- _What you have to do_:
Once the line containing "Vintage Green Bay" appears, output it and each remaining line of the records below exactly, with no pictures and nothing more.

(Supplied material)

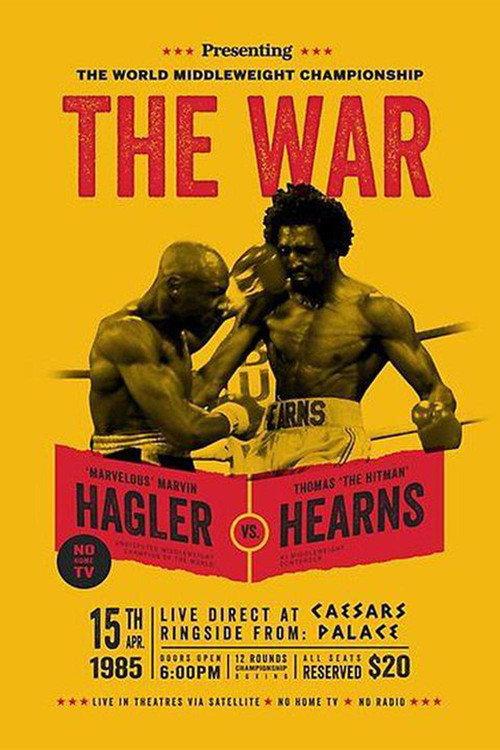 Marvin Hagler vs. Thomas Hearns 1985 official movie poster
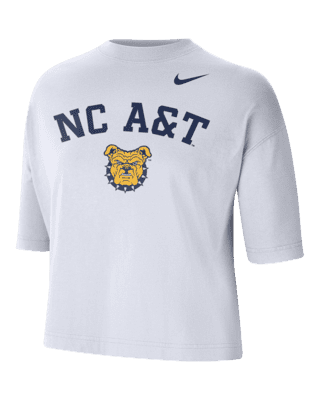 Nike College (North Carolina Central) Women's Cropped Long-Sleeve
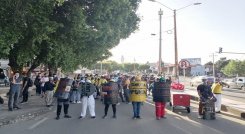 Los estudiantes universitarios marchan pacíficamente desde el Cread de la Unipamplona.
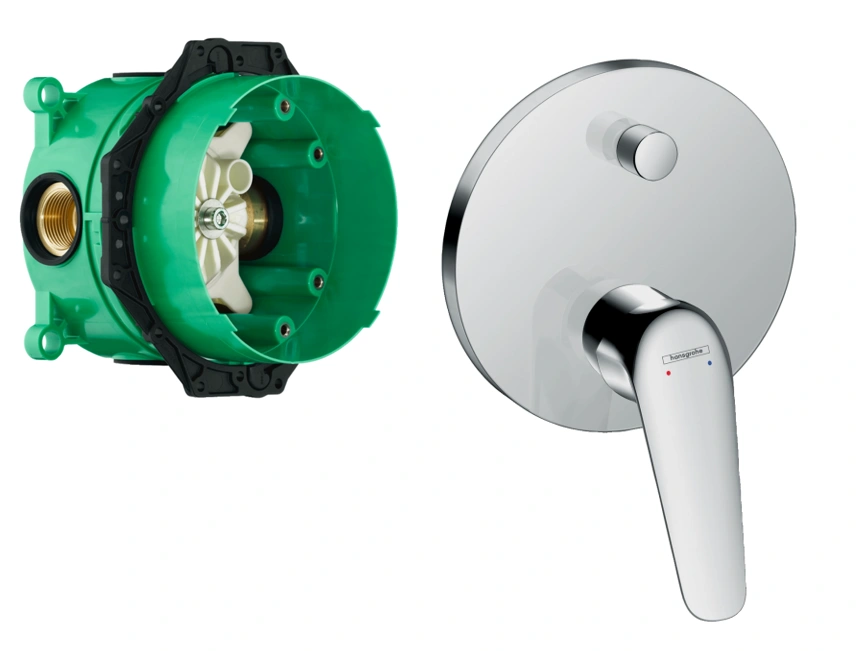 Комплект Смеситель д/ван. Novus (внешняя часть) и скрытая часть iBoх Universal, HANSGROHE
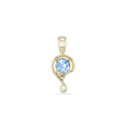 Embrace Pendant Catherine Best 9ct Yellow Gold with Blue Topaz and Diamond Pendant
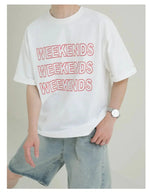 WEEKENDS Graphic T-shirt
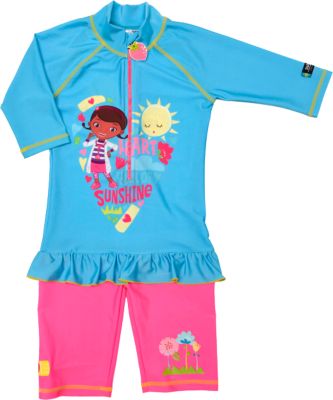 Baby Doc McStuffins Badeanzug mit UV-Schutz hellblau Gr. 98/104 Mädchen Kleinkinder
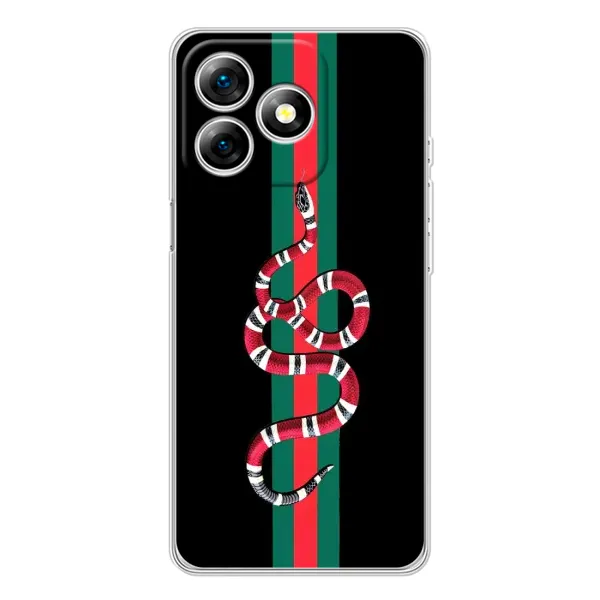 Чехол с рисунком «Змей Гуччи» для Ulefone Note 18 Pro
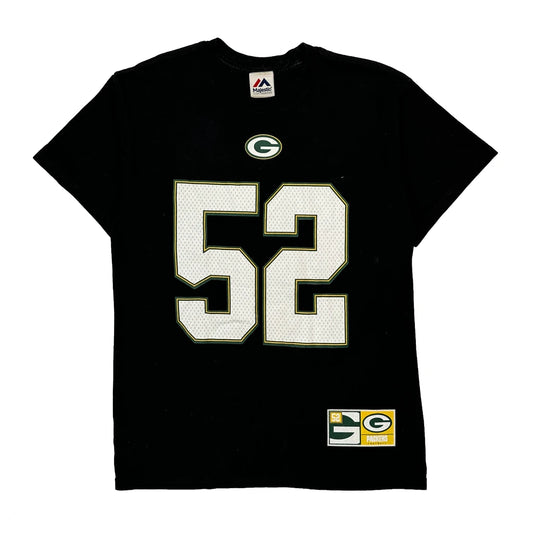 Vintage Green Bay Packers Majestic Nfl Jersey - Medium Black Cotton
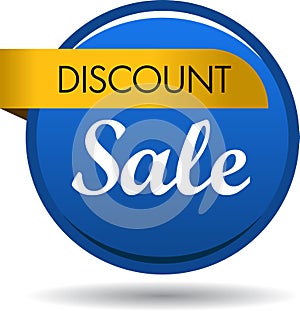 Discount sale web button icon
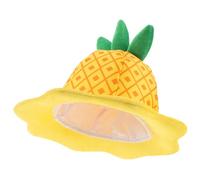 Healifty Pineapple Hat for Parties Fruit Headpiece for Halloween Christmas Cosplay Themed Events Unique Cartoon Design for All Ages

(End Supplied material)

- _Exercise answer_:
 Vintage Green Bay Packers Majestic Nfl Jersey - Medium Black Cotton
 Discount sale web button icon
 Healifty Pineapple Hat for Parties Fruit Headpiece for Halloween Christmas Cosplay Themed Events Unique Cartoon Design for All Ages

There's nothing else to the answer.